Çolpan hızla gözlerini gezdirdi sevgilisinin vücudunda. Zırhının yarısı yoktu üzerinde. Göğsünün altında olması gereken koruyucu parçanın yerinde üstü kıpkırmızı bir bezle örtülü derin bir yara uzanıyordu adamın teninde.

"Dikkatli ol!" diye azarladı Çolpan yeni yetme alp Saltuk'un omzundaki kopçayı aceleyle çekiştirdiğinde. Gökbenin elini itip olabildiğince hızlı ama sarsmadan çözmeye başladı sevdiğinin zırhını bir arada tutan parçaları.

Kün Ata'nın gözleri kısa bir süreliğine yüzü taşa dönüşmüş Bike'nin titrek ama marifetli ellerine kaydı yanından geçerken. Hayatı boyunca zırh giymemiş ve giydirmemiş bir kadının bu tarz afili bir zırhı nasıl böyle bir el çabukluğuyla çıkarttığını sorgulamamaya karar verdi kaşları çatılırken.

"Siz savaşa böyle mi gidersiniz, nerede bu adamın zırhının diğer yarısı!"

Çolpan'ın buyurgan öfkesi otaktaki karmaşaya rağmen duyulmuştu herkes tarafından.

"Pusuya düşürüldük Çolpan Bike." Cevabı veren yaralıları taşıyan alplardan biriydi.
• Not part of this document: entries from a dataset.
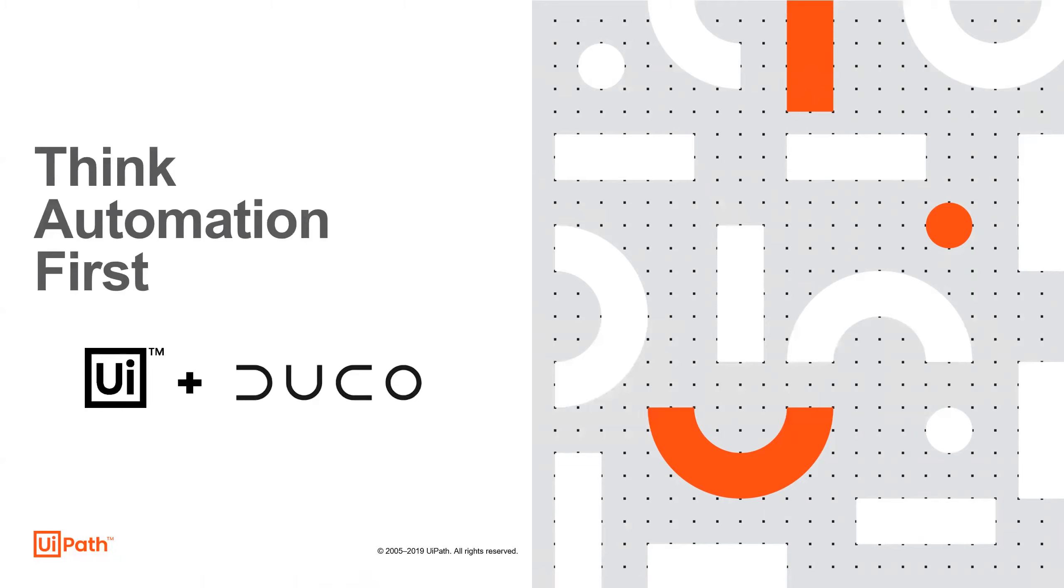In this demo, we'll showcase the concept of human in the loop. We'll use an attended bot to prompt the user to make a decision in the middle of the automation about what the bot should do next.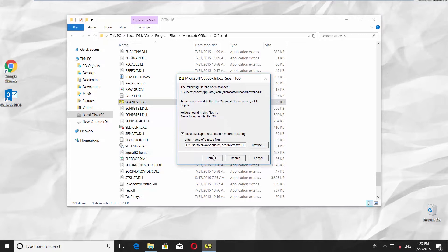If repair is needed, check Make backup of the scanned file before repairing and press Repair.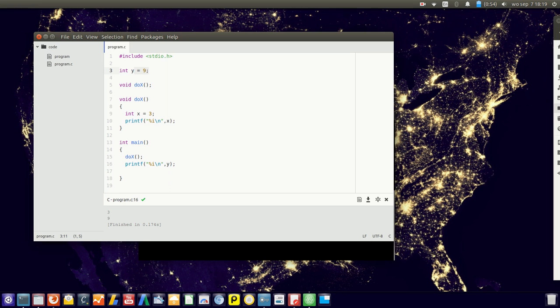And they also have a different term for that. So x is known as a local variable - it can only be used locally inside the function. And y is a global variable, so it can be used all throughout the program. That's the difference between a global and a local variable.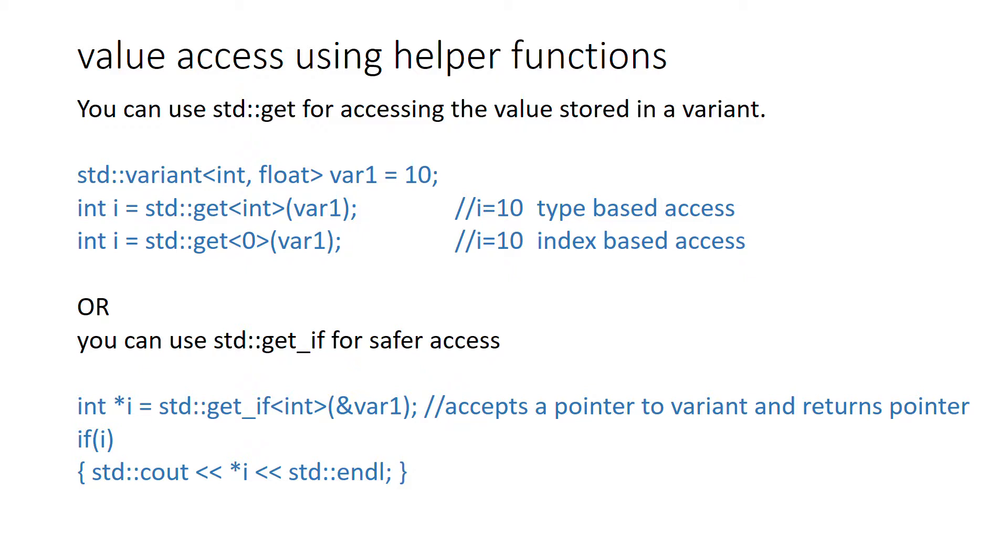There is also std::get_if which is much safer. The difference is it accepts a pointer to the variant as an input and returns a pointer to the contained value. Here it will return a pointer to int as you can see in this simple example.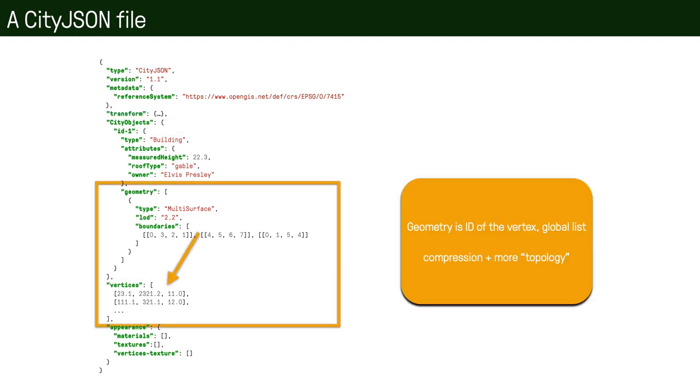Notice that the geometry that is stored in CityJSON is not exactly a simple feature—that is, we don't list all the coordinates x, y, z, x, y, z. But these numbers 0, 3, 1, for example, in the first surface of the multi-surface, refer to the index in a list of vertices. This is similar to what many formats in computer graphics are doing—for example, OBJ, PLY, or OFF, they're all doing this. This allows us to compress the file because we're not repeating coordinates, we're simply linking or pointing to the same vertex, and we also add more topology to a file.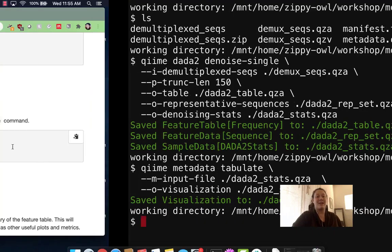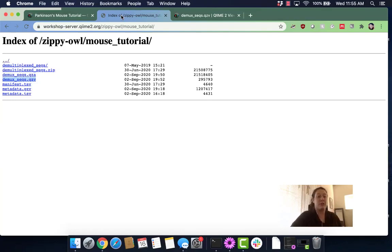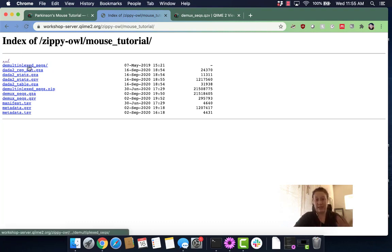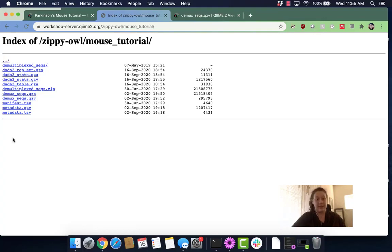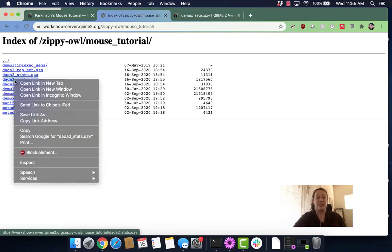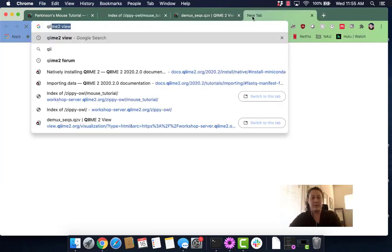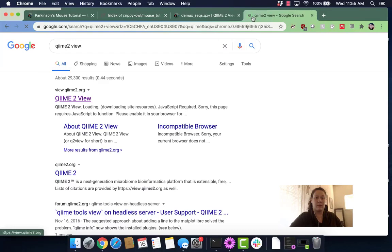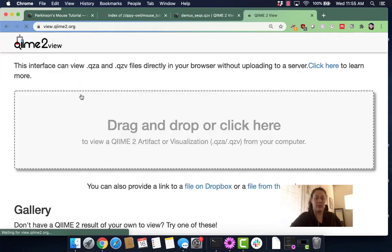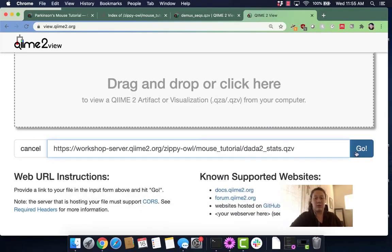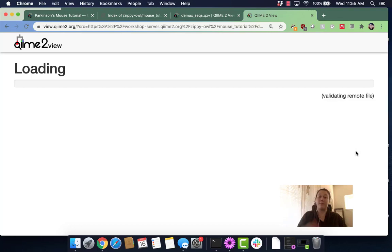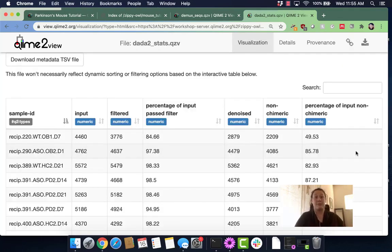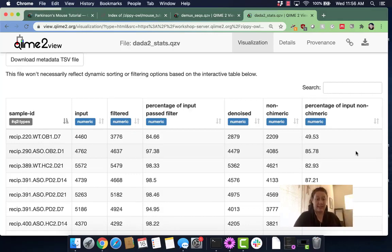So now let's head back to that visualization of the workshop server. Basically I'm going to refresh because this page doesn't auto-refresh when you get new sequences. Until I refresh we didn't have my new sequences that I had just created. So we are going to want this DADA2_stats.qzv. I'm going to copy this address link, I'm going to go to QIIME 2 view, and I'm going to get a file from the web. Then I'm going to paste that in there and it's going to create the visualization for me.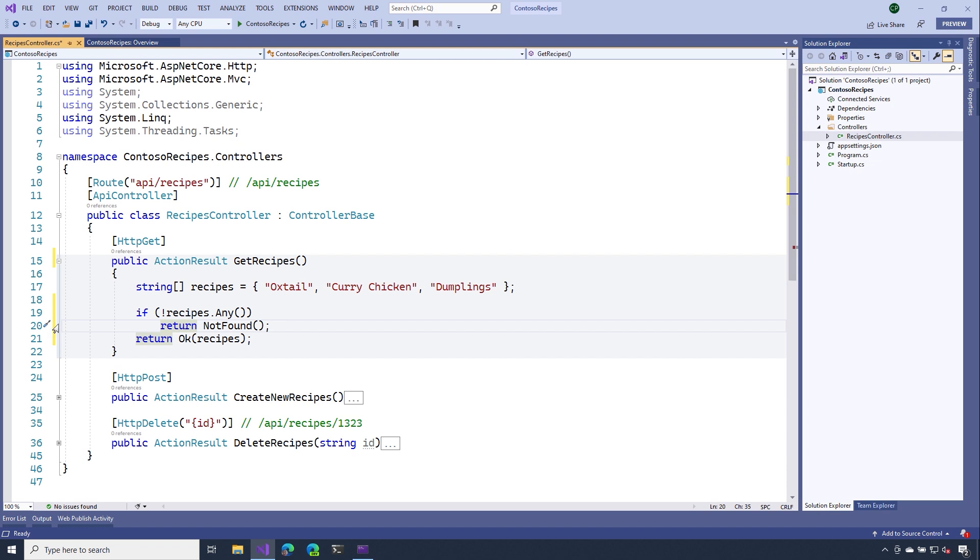So not only can we return our data using a successful OK response, but we can also signal other types of responses as well.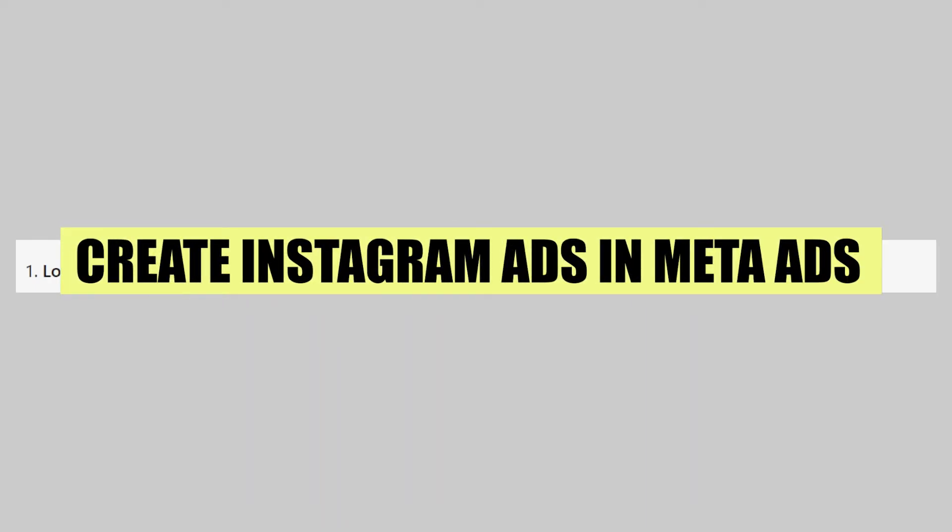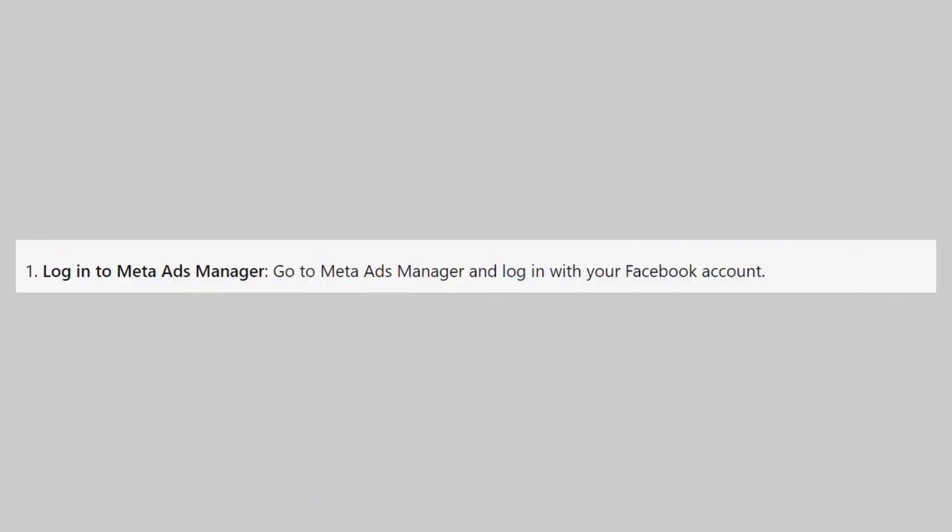In this video, we will show you how to create Instagram ads in Meta Ads Manager. If you guys want to get started with Meta Ads Manager, you can use the links down in the description.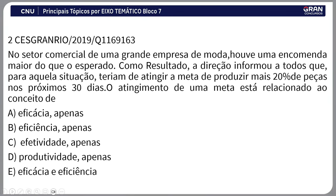Questão 2: no setor comercial de uma grande empresa de moda, houve uma encomenda maior do que o esperado. A direção informou que precisaria atingir a meta de produzir mais 20% de peças nos próximos 30 dias. O atingimento de uma meta está relacionado ao conceito de eficácia, que mede o grau de atingimento das metas. Gabarito: letra A.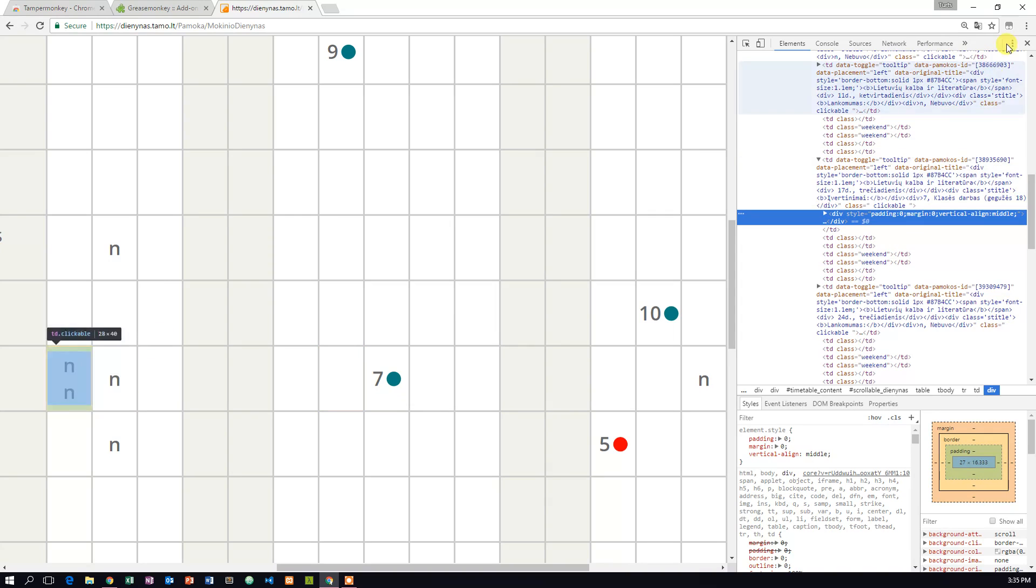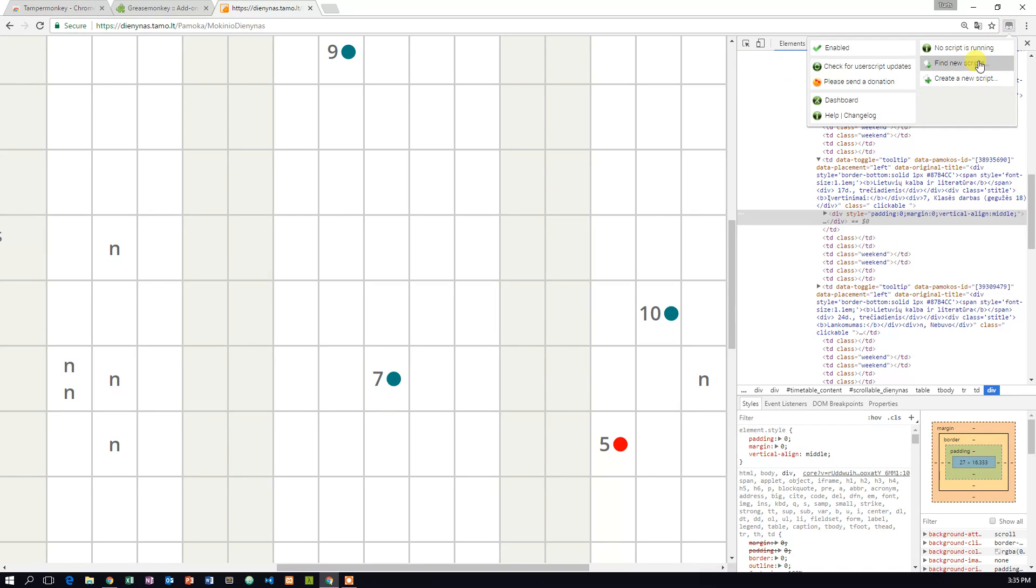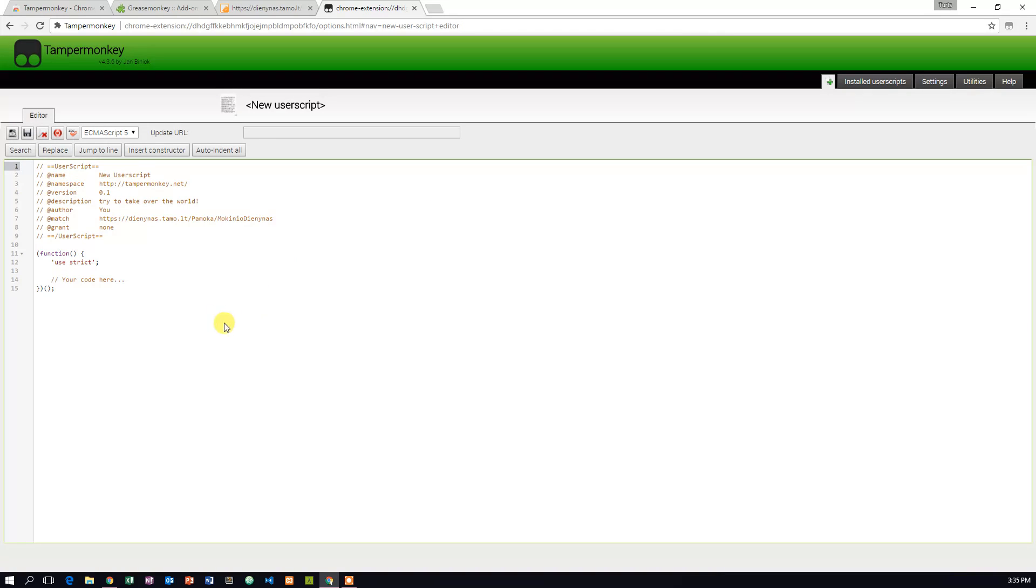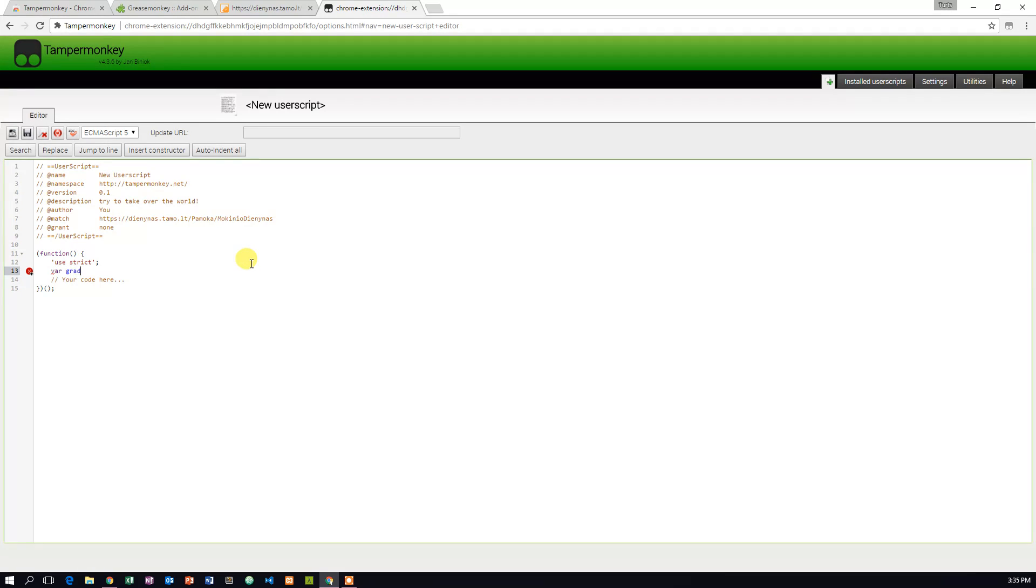Now click on Temper Monkey icon and add a new script. After the editor page opens, follow along with the video on what to type in the script. The last step is to replace the text in quotes with your copied element from a few steps before. Thirteenth line in the video. Congratulations, you are done.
Kendi de pek sağlam durmazdı, başından şakağına akan kırmızı bir yol vardı ama bayılmamıştı daha.

Acısının gözüne çektiği perde biraz da olsa aralandı kadının. Başını anlayışla salladı tekrar sevdiğinin zırhına çevirmeden önce bakışlarını.

"Oturup soluklanasın, dağbanlar taşırlar yoldaşlarını."

Çok geçmeden Saltuk'un göğsündeki zırhtan kurtulmuştu Çolpan. İçliğini de parçalandıktan sonra, Kün Ata getirdiği merhemi tutuşturdu eline kadının.